---------- THE DATA ----------

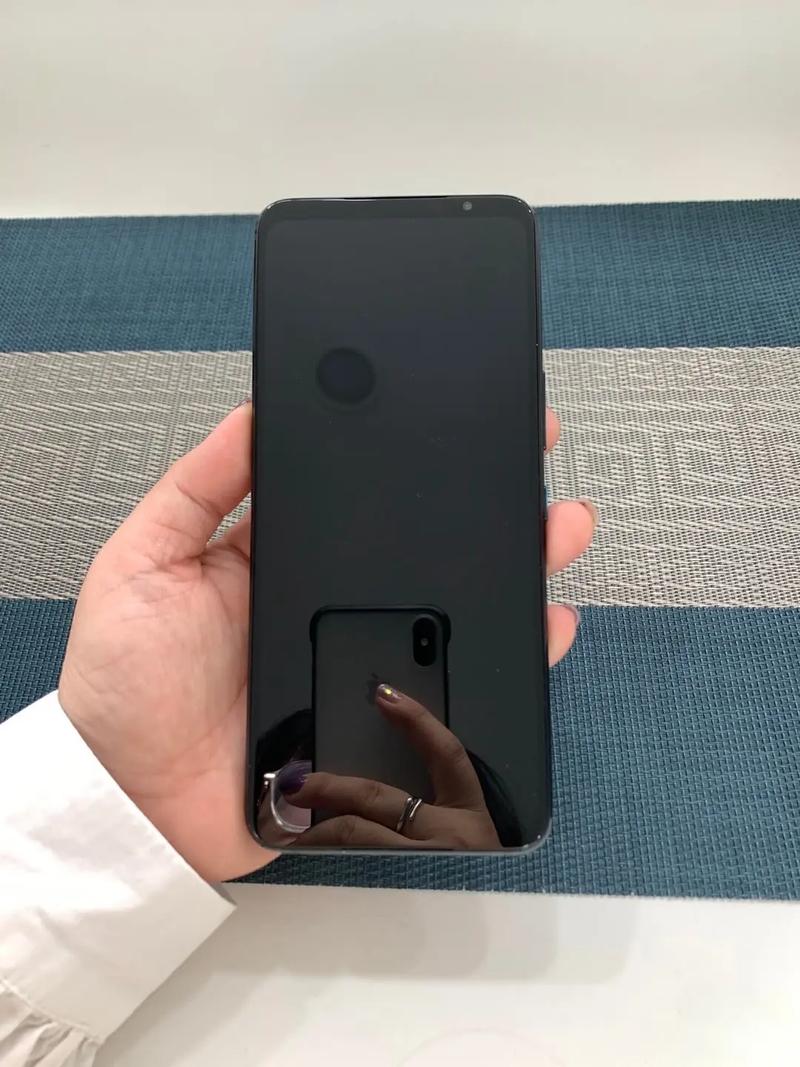 电竞显示器支架调节与机身细节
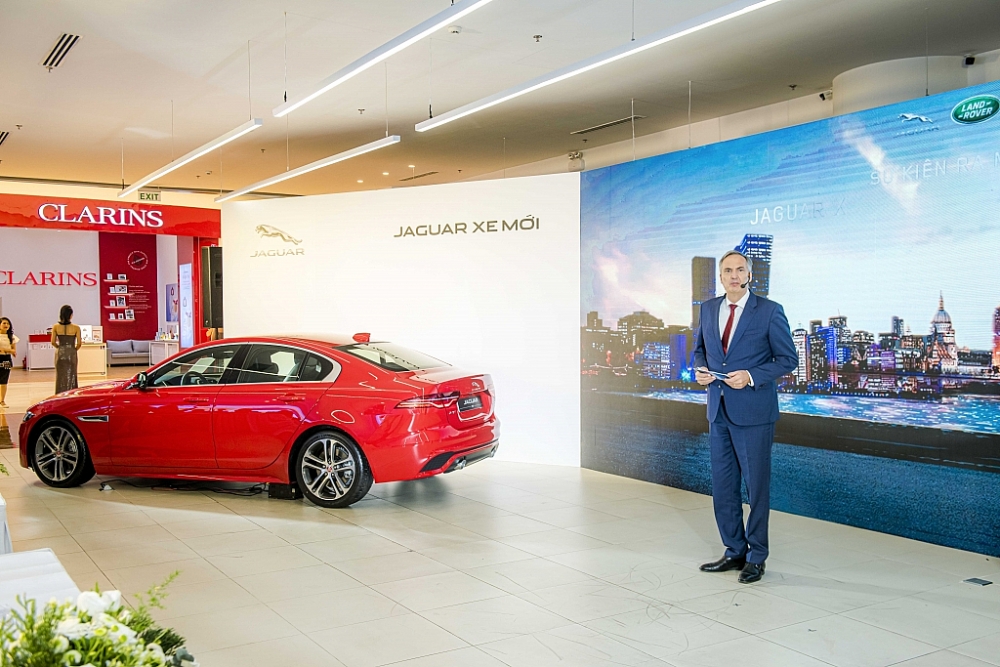 Phú Thái Mobility ra mắt không gian trưng bày mới của Jaguar và Land Rover phu thai mobility ra mat khong gian trung bay moi cua jaguar va land rover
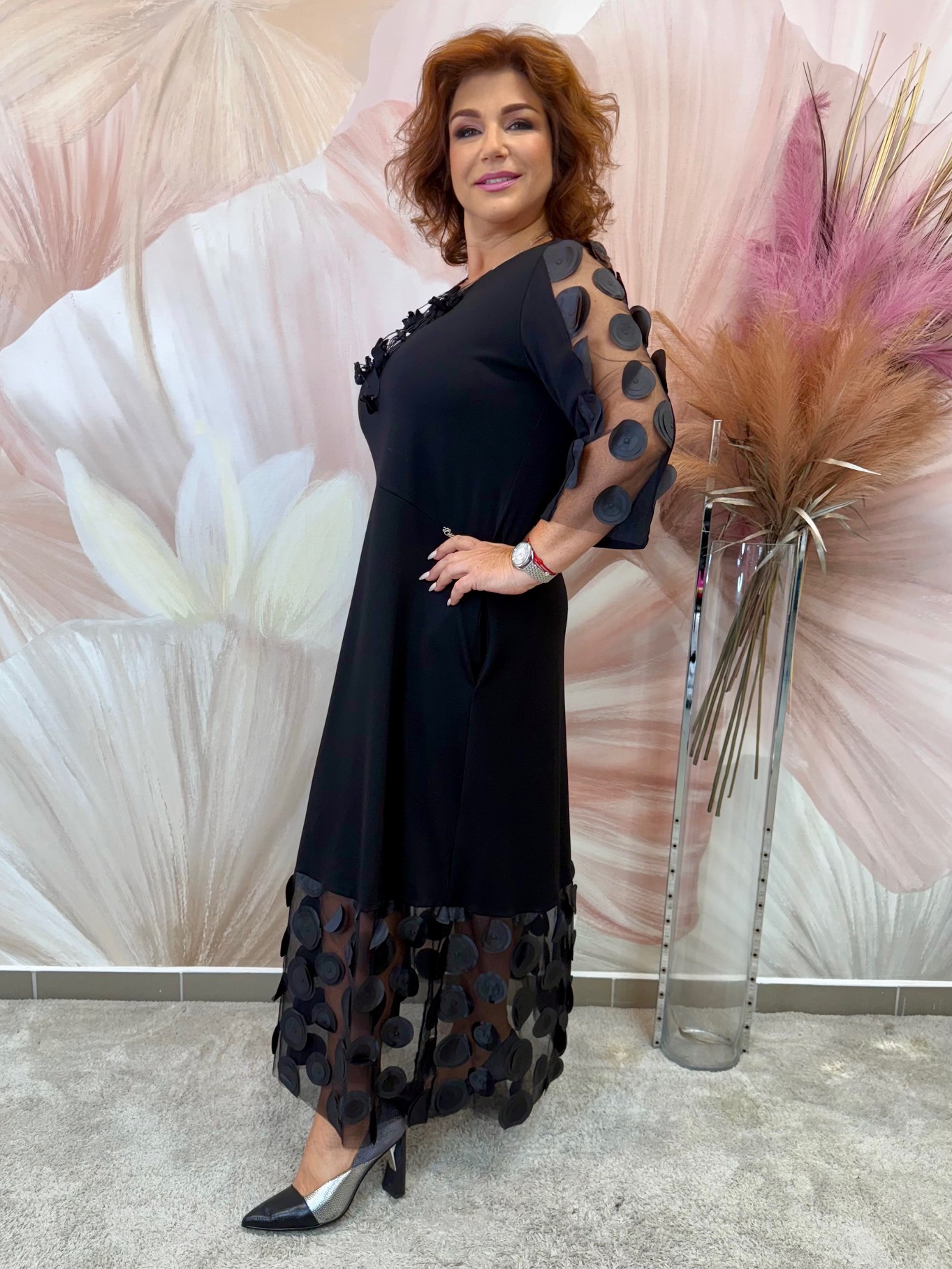 Csinos fekete maxiruha tüllbetéttel nyaklánccal - Image 4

----------

WORK ORDER: Copy nothing but the lines from the line that contains "Phú Thái Mobility" through the end of the listing, exactly, and keep pictures out of it.

RESULT OF THIS EXERCISE:
 Phú Thái Mobility ra mắt không gian trưng bày mới của Jaguar và Land Rover phu thai mobility ra mat khong gian trung bay moi cua jaguar va land rover
 Csinos fekete maxiruha tüllbetéttel nyaklánccal - Image 4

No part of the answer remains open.